Take a stab, prize today is a box of Pepperidge Farm cookies, unless we finish them on the drive home, in which case the prize is something roughly equivalent to the value of a box of Pepperidge Farm cookies.

Go Celtics.

7 comments:

Ann said...

I was in Northampton this weekend - I don't understand why my John & Nan radar didn't go off! Probably some sort of government frequency jamming bullshit, if you ask me...

But I'm not so jammed I don't know that that JT is the correct answer to the MMMQ. Cookies for everyone!

Rosemoo said...

I think that the answer to the oldies MMMQ is probably Eelwax Jesus. Yup, I wrote that one in, it wasn't even on the ballot.

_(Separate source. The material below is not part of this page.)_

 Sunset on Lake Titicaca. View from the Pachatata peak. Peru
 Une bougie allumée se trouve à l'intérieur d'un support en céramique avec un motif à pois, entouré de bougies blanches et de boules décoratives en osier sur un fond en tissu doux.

Y'all missed the concert last night, it was great fun. Beer and dancing were engaged with. Partaken of.

Involved?

And of the list of wacky things that The Accidental Patriot is, I'd say my favorite is 'full-on swash-buckling'. Oh yeah.

Ann, what type of cookies? And are you reading my mind? I wore my 'Come to dark side, we have cookies' shirt last night. It glows in the dark. Maybe you're not being jammed by the government, you just switched frequencies!

Anonymous said...

How appropriate for you to be blogging about James Taylor in the Berkshires. Although (as you know) he was in Stockbridge... where I'm from!

John said...

What makes you think I'm blogging about James Taylor? Damn you all.

Get out of MIND!

John said...

That was supposed to be:

Get out of MY MIND!

But you all probably already knew that.

Mind-suckers.

Ann said...

It's just that what's in your head is ever so much more interesting than what's on tv these days, John. Perhaps if you endeavor to be less interesting...

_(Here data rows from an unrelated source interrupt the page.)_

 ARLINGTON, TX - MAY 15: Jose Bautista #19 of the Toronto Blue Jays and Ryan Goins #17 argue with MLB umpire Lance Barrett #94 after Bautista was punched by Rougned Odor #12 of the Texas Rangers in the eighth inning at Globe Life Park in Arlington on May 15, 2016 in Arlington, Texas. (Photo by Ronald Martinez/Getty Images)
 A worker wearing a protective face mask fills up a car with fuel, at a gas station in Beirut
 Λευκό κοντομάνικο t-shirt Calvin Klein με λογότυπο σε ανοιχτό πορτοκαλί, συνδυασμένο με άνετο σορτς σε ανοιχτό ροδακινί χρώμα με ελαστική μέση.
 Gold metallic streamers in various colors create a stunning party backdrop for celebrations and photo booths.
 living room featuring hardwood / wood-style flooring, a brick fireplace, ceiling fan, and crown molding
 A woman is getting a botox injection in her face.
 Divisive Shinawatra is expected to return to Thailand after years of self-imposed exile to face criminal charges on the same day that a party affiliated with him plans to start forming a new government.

What *kind* of Pepperidge Farm cookies? Rose and I like Milanos. NOT mint Milanos, those are abominations. Chocolate and things that taste like toothpaste ought not ever mix.

John Clancy said...

I'm with you on the Milanos, but again, mayhap you're counting your chickens before they've been slaughtered, de-boned, drained of all blood and other vital liquids and chopped up into nuggets.

Is all I'm saying.

Carly and Lyle were very, very close.

In like, a sexual way.

Is all I'm saying.

And Lyle was only, like, nine.

And very vain.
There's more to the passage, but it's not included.